By Jamal Kanj
Seventy-five years following the Nakba, I stand as the son of two “invisible” Palestinian parents who were “spirited” from their homes to make “room” for European Khazar converts.
Israel is most probably the only “nation” in the post-colonial era, where claiming sovereignty over a territory was determined by a foreign-born minority population. Under the tutelage of British colonists, Zionist paramilitary groups waged a terror campaign and ethnically cleansed more than 800,000 Palestinians (according to UN data) from their homes, seized their land, and razed from existence over 500 towns and villages.

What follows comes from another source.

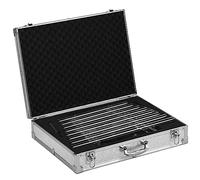 Kit De Harpe En Cristal, 8 Notes Do5 Ré5 Mi5 Fa5 Sol5 La5 Si5 Do6, Instrument De Musique Idéal For La Sonothérapie Et La Méditation, Avec Valise En Aluminium.(432HZ)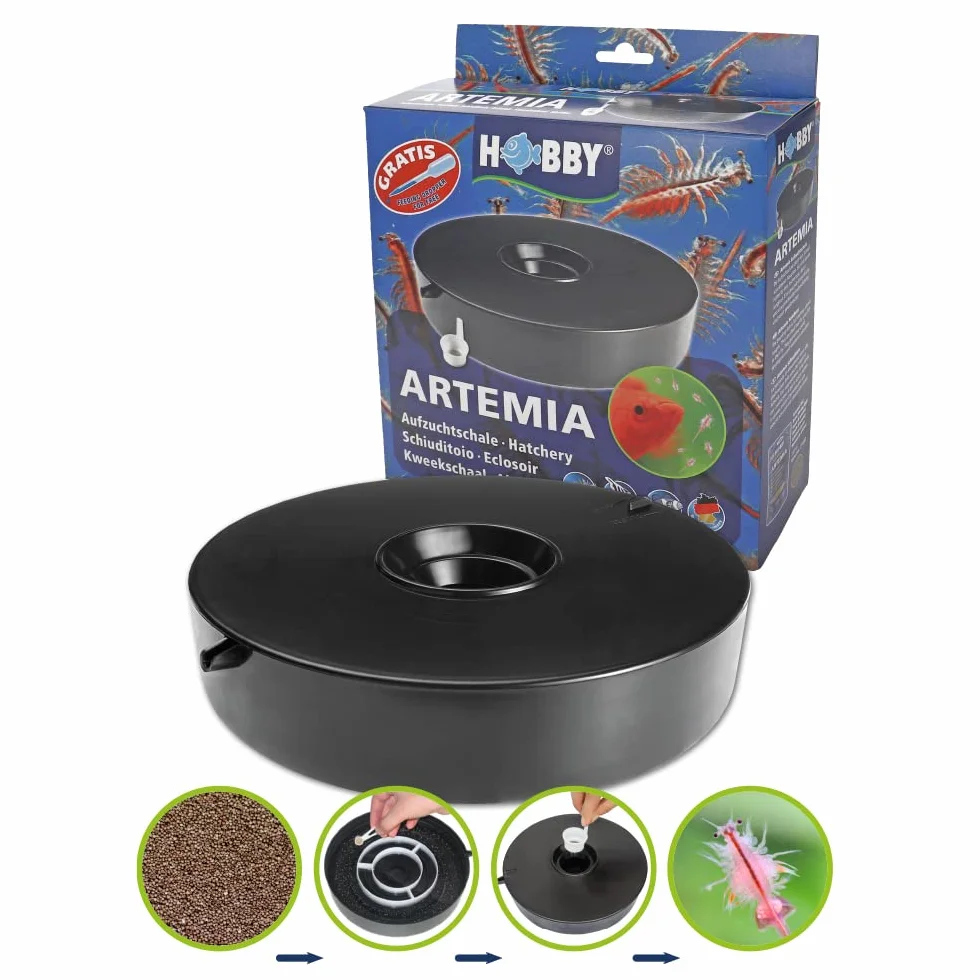 Hobby 21700 Doniczka do Hodowli Artemii, Czarny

For more than half a century before 1948, political Zionism constructed distorted narratives by weaving together myths, legends, and fables to craft a specious history atop the ruins of Palestinian homes. The Zionist project usurped the age-old natives’ cultural identity, employed its hasbara to fabricate false geography, and truncated mythological history.
The success of this deception would not have been possible without the full complicity of Western powers and the Church―each serving its own unscrupulous agenda―embracing alternative Zionist facts to justify the dispossession of the people of Palestine.
Take for example the recent congratulatory message from European Commission President Ursula von der Leyen on the 75th anniversary of the Zionist project. In her video missive, she parroted a falsehood propagated by Zionists, and that they “made the desert bloom.”
Imagine if someone assumes credit for making a desert bloom in Sweden. It would be absurd, wouldn’t it?
So why is it not equally preposterous when Zionists, or their pawns in the West, make the same about a country located in the heart of the Fertile Crescent, and with an annual rainfall comparable to that of Sweden? In fact, the average rainfall in Jerusalem, and the Galilee regions of historical Palestine exceeds that of the Stockholm “desert!”
These meteorological conditions are not recent phenomena, but already inferred in the Old Testament, Exodus 3:17 when describing the land of the Canaanites (the original Palestinians) as “a land flowing with milk and honey.”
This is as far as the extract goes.